Some scary numbers about U.S. education
Some devastating factoids on U.S. education from the good folks over at Reason (I have gleaned some numbers from an article well worth reading in whole):
1. According to Department of Education statistics, in 2007-2008 (the latest year available), full-time public school teachers across the country made an average of $53,230 in “total school-year and summer earned income.” That compares favorably to the $39,690 that private school teachers pulled down.
2. According to EducationNext, government employer contribute the equivalent of 14.6 percent of salary to retirement benefits for public school teachers. That compares to 10.4 for private-sector professionals.
3. In 1960-61, public schools spent $2,769 per student, a figure that now totals over $10,000 in real, inflation-adjusted dollars.

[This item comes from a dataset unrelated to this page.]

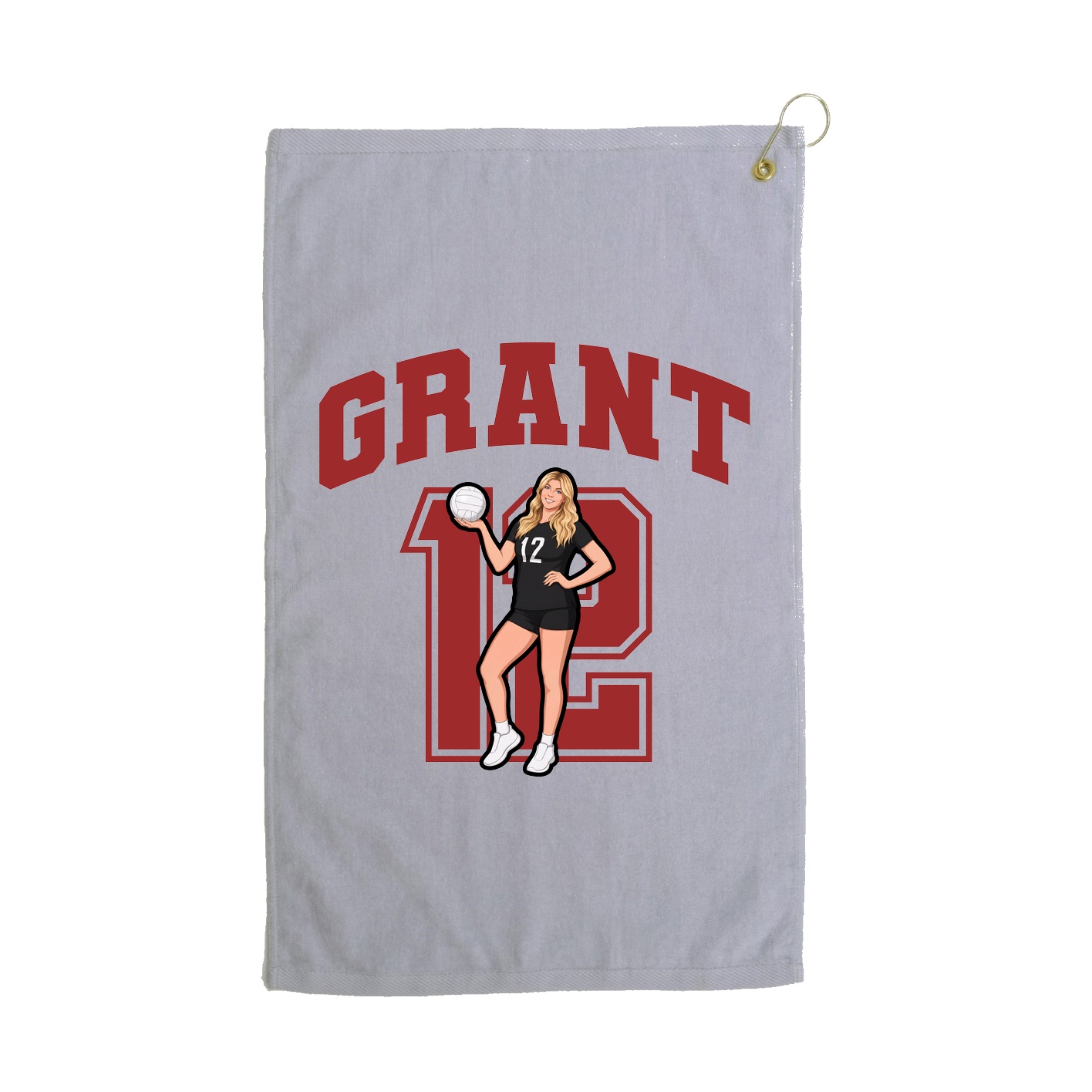 Golf Towel — Number in Grey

4. In 1960, the student-teacher ratio in public schools was 25.8; it’s now at a historic low of 15.
5. In 2007, the percentage of parents with children in assigned public schools who were “very satisfied” with the institution was 52 percent. For parents whose children attended public schools of choice, that figure rose to 62 percent. Parents sending their children to private schools, whether religious or non-sectarian, were “very satisfied” 79 percent of the time.
6. Despite all the extra resources devoted to public school teachers and students, student achievement has been absolutely flat over the past 40 years.
None of this should be surprising given the lack of productivity and efficiency inherent in government monopolies. As the New America Foundation notes:
The U.S. ranked 68th (out of 139 countries) in terms of wastefulness of government spending in the 2010-11 World Economic Forum report on global competitiveness. Experts put our public-sector productivity about 10 years behind that of the rest of our workforce. If public workers could halve that gap, the annual savings would ring in at $100 billion to $300 billion, according to a new study by the McKinsey Global Institute. That would mean the equivalent of a recurring stimulus package every three to eight years.